## TASK INSTRUCTIONS
Copy out the data in full and exactly, passing over the pictures.
(Beginning of DATASET EXTRACT)
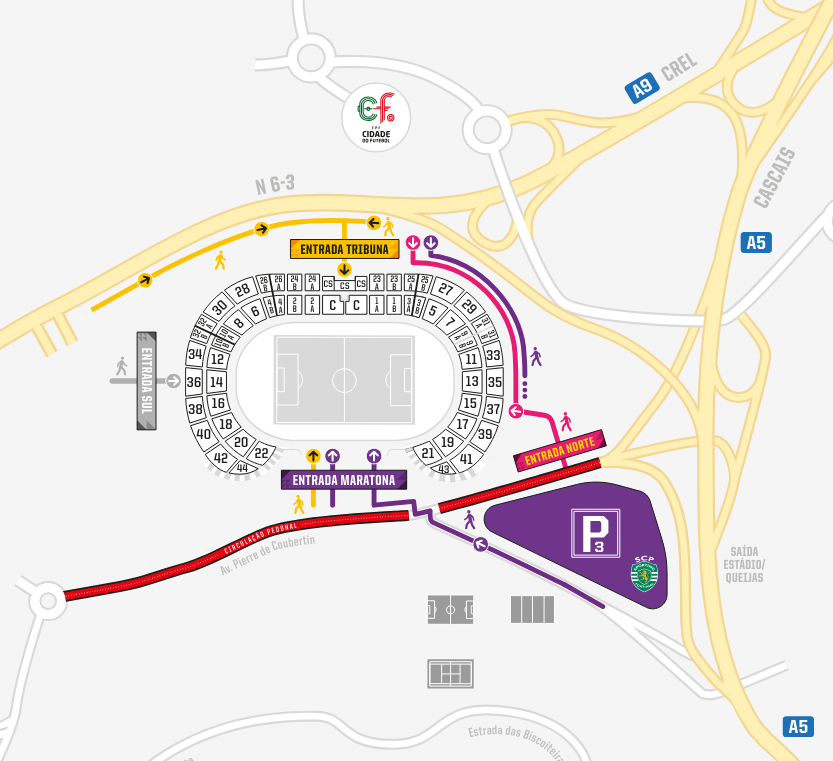 Pela 3ª vez vou sair do Porto para o Jamor sem ter bilhete garantido para ver a final dentro do estádio.

Quem tiver 1 bilhete, de fonte fidedigna, para a bancada Norte (🦁) avisem que estou a comprar.
#SportingCP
(End of DATASET EXTRACT)
## TASK ANSWER
 Pela 3ª vez vou sair do Porto para o Jamor sem ter bilhete garantido para ver a final dentro do estádio.

Quem tiver 1 bilhete, de fonte fidedigna, para a bancada Norte (🦁) avisem que estou a comprar.
#SportingCP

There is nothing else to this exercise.